(What to do) Starting at the line that holds "Glass of whiskey with ice close up", restate every line word for word up to and including the last one in the listing below, and omit all pictures.

(Data segment)
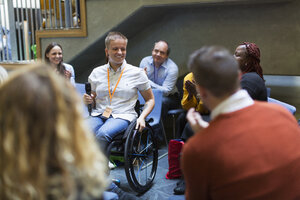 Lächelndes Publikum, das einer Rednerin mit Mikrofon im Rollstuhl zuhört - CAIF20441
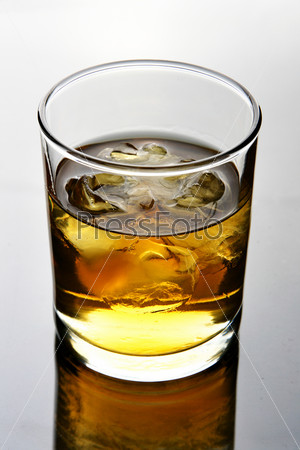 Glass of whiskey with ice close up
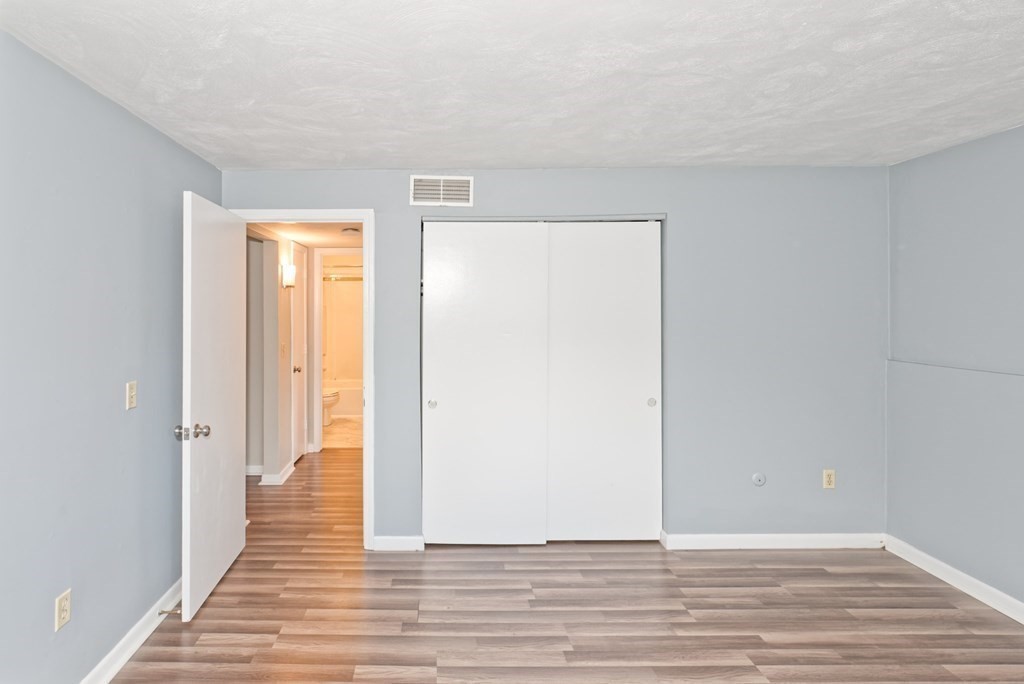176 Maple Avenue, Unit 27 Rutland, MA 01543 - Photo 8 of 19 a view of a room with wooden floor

(Expected output)
 Glass of whiskey with ice close up
176 Maple Avenue, Unit 27 Rutland, MA 01543 - Photo 8 of 19 a view of a room with wooden floor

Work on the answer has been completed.